# WHAT TO WORK ON:
What do the lines from the top of the data through the line with "COFI 1453 Wintermütze" say? Quote them exactly and include both ends.

(Stored items)
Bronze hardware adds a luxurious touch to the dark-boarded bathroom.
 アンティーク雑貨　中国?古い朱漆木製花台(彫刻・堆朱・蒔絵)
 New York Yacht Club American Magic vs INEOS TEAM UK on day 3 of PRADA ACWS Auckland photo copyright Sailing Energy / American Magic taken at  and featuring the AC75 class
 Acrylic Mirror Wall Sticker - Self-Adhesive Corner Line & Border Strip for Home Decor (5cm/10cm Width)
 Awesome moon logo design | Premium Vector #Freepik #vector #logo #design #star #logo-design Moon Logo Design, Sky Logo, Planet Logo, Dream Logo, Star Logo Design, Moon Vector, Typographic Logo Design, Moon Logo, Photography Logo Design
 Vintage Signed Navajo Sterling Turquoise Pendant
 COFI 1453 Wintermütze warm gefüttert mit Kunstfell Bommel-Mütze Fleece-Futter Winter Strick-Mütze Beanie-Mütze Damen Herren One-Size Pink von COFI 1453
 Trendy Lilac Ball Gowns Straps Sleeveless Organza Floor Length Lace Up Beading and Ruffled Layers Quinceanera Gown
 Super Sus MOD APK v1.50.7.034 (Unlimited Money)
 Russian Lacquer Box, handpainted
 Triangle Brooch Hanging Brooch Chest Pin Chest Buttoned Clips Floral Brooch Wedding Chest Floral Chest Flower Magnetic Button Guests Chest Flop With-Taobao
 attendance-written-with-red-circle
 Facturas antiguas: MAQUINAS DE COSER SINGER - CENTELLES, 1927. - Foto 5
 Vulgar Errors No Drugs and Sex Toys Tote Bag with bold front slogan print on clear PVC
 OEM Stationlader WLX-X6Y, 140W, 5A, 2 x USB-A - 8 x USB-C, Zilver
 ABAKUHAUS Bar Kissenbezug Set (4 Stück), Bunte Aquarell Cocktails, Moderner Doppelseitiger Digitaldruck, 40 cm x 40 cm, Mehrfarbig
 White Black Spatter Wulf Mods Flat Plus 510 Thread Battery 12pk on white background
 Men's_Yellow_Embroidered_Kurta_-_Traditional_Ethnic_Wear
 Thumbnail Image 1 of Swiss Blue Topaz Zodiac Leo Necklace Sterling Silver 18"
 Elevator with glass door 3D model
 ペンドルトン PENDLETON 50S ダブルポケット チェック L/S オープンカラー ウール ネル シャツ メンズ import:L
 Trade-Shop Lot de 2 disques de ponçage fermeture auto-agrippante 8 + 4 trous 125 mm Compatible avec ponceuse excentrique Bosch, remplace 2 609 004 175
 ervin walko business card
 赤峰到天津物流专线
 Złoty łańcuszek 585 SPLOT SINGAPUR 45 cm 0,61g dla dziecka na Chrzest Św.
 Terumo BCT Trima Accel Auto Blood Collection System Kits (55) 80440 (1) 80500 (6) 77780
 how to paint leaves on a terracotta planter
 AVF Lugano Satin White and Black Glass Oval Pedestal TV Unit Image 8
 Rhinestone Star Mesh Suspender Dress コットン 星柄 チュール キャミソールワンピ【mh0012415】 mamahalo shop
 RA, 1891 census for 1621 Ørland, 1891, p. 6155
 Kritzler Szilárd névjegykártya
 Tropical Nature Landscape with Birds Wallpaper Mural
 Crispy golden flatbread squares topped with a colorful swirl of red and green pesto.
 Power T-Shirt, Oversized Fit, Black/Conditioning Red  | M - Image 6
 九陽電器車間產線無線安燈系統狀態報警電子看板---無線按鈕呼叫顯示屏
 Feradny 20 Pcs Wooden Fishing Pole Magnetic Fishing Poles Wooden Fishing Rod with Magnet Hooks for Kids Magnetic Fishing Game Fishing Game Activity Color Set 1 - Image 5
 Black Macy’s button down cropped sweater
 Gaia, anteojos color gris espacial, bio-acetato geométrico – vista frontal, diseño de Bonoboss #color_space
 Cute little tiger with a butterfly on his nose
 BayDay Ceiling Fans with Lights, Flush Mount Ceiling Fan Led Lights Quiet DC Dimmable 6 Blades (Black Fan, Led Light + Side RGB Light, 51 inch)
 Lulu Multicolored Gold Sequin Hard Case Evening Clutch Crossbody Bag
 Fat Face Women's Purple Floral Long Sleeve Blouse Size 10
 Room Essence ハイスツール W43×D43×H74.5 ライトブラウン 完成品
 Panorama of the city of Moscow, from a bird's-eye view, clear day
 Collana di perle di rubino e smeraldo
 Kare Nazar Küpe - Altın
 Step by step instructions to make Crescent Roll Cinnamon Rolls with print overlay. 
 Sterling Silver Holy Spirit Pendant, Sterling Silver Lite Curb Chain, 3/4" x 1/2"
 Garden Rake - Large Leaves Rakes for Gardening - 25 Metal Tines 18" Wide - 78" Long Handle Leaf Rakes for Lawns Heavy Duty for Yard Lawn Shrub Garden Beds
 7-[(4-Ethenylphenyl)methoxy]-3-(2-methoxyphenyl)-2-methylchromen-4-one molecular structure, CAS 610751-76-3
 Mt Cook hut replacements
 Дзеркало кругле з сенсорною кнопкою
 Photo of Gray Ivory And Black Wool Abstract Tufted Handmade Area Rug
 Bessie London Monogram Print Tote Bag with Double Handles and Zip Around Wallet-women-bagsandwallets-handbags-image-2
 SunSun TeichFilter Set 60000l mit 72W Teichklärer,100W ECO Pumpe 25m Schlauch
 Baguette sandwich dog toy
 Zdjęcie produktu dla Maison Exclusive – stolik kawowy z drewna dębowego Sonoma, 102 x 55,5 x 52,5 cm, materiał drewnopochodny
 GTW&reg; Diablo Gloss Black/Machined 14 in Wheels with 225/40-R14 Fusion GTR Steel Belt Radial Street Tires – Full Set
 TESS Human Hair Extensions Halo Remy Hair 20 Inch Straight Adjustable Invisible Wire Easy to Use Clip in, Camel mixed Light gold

# SOLUTION TO THE PROBLEM:
Bronze hardware adds a luxurious touch to the dark-boarded bathroom.
 アンティーク雑貨　中国?古い朱漆木製花台(彫刻・堆朱・蒔絵)
 New York Yacht Club American Magic vs INEOS TEAM UK on day 3 of PRADA ACWS Auckland photo copyright Sailing Energy / American Magic taken at  and featuring the AC75 class
 Acrylic Mirror Wall Sticker - Self-Adhesive Corner Line & Border Strip for Home Decor (5cm/10cm Width)
 Awesome moon logo design | Premium Vector #Freepik #vector #logo #design #star #logo-design Moon Logo Design, Sky Logo, Planet Logo, Dream Logo, Star Logo Design, Moon Vector, Typographic Logo Design, Moon Logo, Photography Logo Design
 Vintage Signed Navajo Sterling Turquoise Pendant
 COFI 1453 Wintermütze warm gefüttert mit Kunstfell Bommel-Mütze Fleece-Futter Winter Strick-Mütze Beanie-Mütze Damen Herren One-Size Pink von COFI 1453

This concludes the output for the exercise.